CRIMINAL APPELLATE JURISDICTION: Criminal Appeal No. 379 of 1986.

From the Judgment and Order dated 13.7.1984 of the Punjab and Haryana High Court in Crl. Appeal No. 82 D.B. of 1984.

R.L. Kohli and R.C. Kohli for the Appellant. 412

R.S. Suri for the Respondent.

The Judgment of the Court was delivered by JAGANNATHA SHETTY, J. One may ask the question whether murder by poisoning is not run like any other murder? The learned counsel for the appellant purports to state that it is not. He relies upon the judicial prescriptions as to the burden of proof in “poison-murder” cases. He contends that the prosecution must prove “that the accused had the poison in his possession”. He asserts that failure to establish that factor should entail the acquittal of the accused. This is a vital question which goes far beyond the case and it, therefore, requires careful consideration. Bhupinder Singh-Appellant was prosecuted for the murder of his wife by poisoning. He was sentenced for life imprisonment by the Additional Sessions Judge, Faridkot in Session Case No. 86 of 1983. His conviction and sentence have been affirmed by the Punjab and Haryana High Court in criminal appeal No. 82-DB of 1984. He has preferred this appeal by special leave challenging the conviction and sentence.

We may first advert to the prosecution case. It reveals a sad story. It runs like this: Gian Kaur, the victim in this case is the only daughter of Baltej Singh. Baltej Singh like many other parents thought that his problems would be solved by the marriage of his daughter. He got her married to Bhupinder Singh by spending all his savings. His relatives also contributed for the marriage. But ill-luck would have it, his problems started immediately after the marriage. Bhupinder Singh and his parents wanted Gian Kaur to bring Rs. 10,000 from her father. It was nothing but a demand for dowry. They stopped up their demand with harassment to Gian Kaur. Gian Kaur informed her father. The father could not arrange that much of amount. He had already spent all that he had in connection with her marriage. He had also then given presents in cash and kind to Bhupinder Singh. So he felt helpless. Unmerciful, Bhupinder Singh asked his wife to go back to her parents’ house. So she left to seek shelter with her parents. She remained with them for about eight months. But how long the father could keep his married daughter away from her husband. Some parents think that it is a reflection upon them. Baltej Singh also must have thought like that. He somehow arranged Rs.6,000 and sent Gian Kaur to her husband’s house. Gian Kaur rejoined her husband upon making the payment of Rs.6,000. That appears to have satisfied Bhupinder Singh for about 413

one year. In the meantime, Gian Kaur had a male child. Naturally there was jubilation for Baltej Singh. He performed the customary Chuchhak ceremony and again gave Rs.4,000 and a buffalo as presents to Bhupinder Singh. Bhupinder Singh ought to have been happy and satisfied. But he was not. It was alleged by the prosecution that this time he demanded a motorcycle. Baltej Singh could not give it. Gian Kaur, as usual, was again the target. It was further alleged by the prosecution that Bhupinder Singh threatened to kill his wife if motorcycle was not given to him. Gian Kaur had kept her father informed about the said demand and the threat.

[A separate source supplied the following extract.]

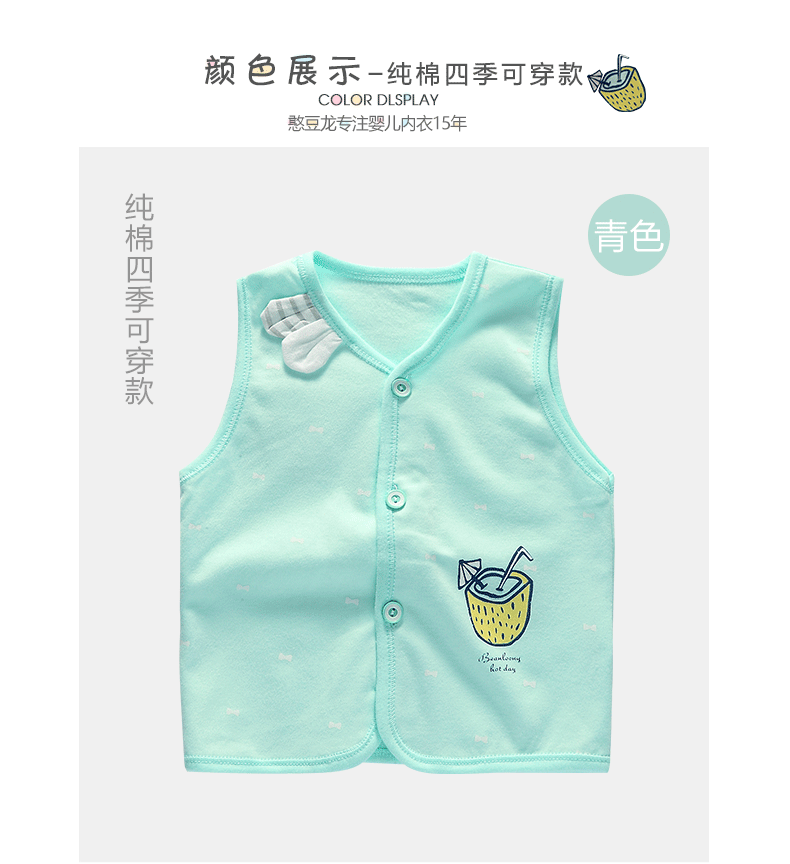 Gilet enfant - Ref 2068309 Image 13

On July 13, 1983, Gian Kaur died under mysterious circumstances. Upon receiving that information, Baltej Singh with his brother Baldev Singh reached the place in the evening of that day. They saw Gian Kaur, lying dead on a charpai. They suspected foul play. Baltej Singh gave the information to the police narrating all the above events. He informed the police that his daughter was killed by Bhupinder Singh and his parents by administering something to her. On the basis of that information, the F.I.R. was issued. The investigation of the case was taken by A.S.I. (PW 4). The body of Gian Kaur was sent to Dr. Sant Prakash Singh (PW 6) for post-mortem. The Doctor Prakash Singh noticed five minor injuries on the body of the deceased. The brain and other vital organs were also found to be congested. The Doctor sent stomach contents, portions of small intestine, liver, spleen and kidney to the chemical examiner for the purpose of analysis.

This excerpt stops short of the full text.